# GOing to North Dakota



## Josey Wales (Aug 23, 2007)

Heading to NDak on the 17th of Oct for 10 days duck/goose hunting. Yee haw...


----------



## steelmagoo (Apr 13, 2004)

Wereabouts will you be? I've been to the McKlusky area a few times (center of the state) shooting the potholes for ducks and walking the CRP and PLOTS land for phez and sharptails. I have a bud who used to live here in NE Ohio and now lives in Bottineau.


----------



## Alaskan (Jun 19, 2007)

Have a good time. I spent time three different seasons near Michigan and Lakota. Wish I had looked into ND for my college days. I'd likely still live there.


----------



## Josey Wales (Aug 23, 2007)

Yikes,

You scare me.

I can't beleive those are the two towns you came up with. That is eerie.

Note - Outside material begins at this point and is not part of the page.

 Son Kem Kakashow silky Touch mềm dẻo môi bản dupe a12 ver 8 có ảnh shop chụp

I lived MPLS 14 years. I hunted McClusky 12 of those years. Stayed at R&H Trailer motel and drink at Gary's Bar and Cafe in McC. Hunt same farm up by Kief each year.

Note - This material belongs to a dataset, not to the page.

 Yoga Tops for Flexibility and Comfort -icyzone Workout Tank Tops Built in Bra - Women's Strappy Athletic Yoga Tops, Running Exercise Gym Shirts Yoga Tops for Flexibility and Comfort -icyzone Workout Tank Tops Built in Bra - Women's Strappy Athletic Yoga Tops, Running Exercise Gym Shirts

Also i stay in Bottineau at the motel with the bottle/liquor store attached. Eat at the Subway as eassy walk from motel. lol.

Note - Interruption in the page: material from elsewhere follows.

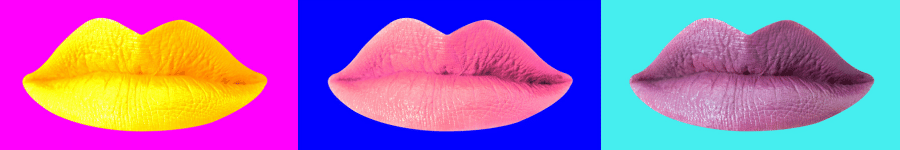 Pop art 3 colorful lips introducing insights from Warhol v. Goldsmith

We drive down to Newberg to hunt with my buddies family all around J Clark Salyer Refuge. Farmer says tons of pheasants again this year.


----------



## steelmagoo (Apr 13, 2004)

R&H, that's Elmers place (wife's name Opal?), nice folks. That's where we stayed. Yes, I've thrown a few back at Gary's. I think one year the only murder in the whole state of North Dakota occurred at Gary's. Did a little fishing in the McClusky canal too. Good luck on your hunt, hope there's some water in the potholes. I'm leaving for Pennington, MN on the 12th of Oct for ruffed grouse and woodcock.


----------



## Josey Wales (Aug 23, 2007)

Sweet, good luck up there. I'll be passing by ya on the 17th.

I'll post up when I get back. Hopefully I won't get murdered at Gary's.


----------



## JUSTCRAZY (Apr 6, 2004)

Since you've been there, you know that out of state hunters are seen as the stuff you wipe your feet on, and for good reason. Please do all of us a favor who love hunting up there and don't act like a typical OHIO waterfowler. That whole state is an honor to hunt, yet every time I see how many out of stater's they get I understand there out look. Even worse is when I see them acting as they shouldn't be, so go have fun, but please tread lightly. The rest of us will thank you for it.

Good luck
Rob


----------



## Josey Wales (Aug 23, 2007)

What is a typical ohio waterfowler bud?

I lived in Minnesota for 14 years and hunted there before i was in Ohio. HUnted same 6000 acre farm for the last 12 years. I think if I didn't respect the farmer and the land, he wouldn't invite me back for that many years. I don't pay to hunt there.


----------



## Josey Wales (Aug 23, 2007)

Most of the people I've met over the years love us. They fall over themselves to help us in getting birds. We spend alot of money there. The businesses eat it up, cause of the influx of hunters.thats their income for much of the year.

The only people that get pissed off up there are some of the local hunters (competition) and guides cause you don't have to ask permission, but its respectful, if its not posted.

Not an issue for me. Landowner posts it just while we are there and a few days ahead to let birds rest.

Heck, I even lit the biggest fire you'll ever see other than a forest fire.
I got to light a 1/4 mile long raked swath of flax stems. After dark it lit up the night, way cool. Farmer was burning as it doesn't break down easily and they burn the fields. Farmer was laughing his a-- off.


----------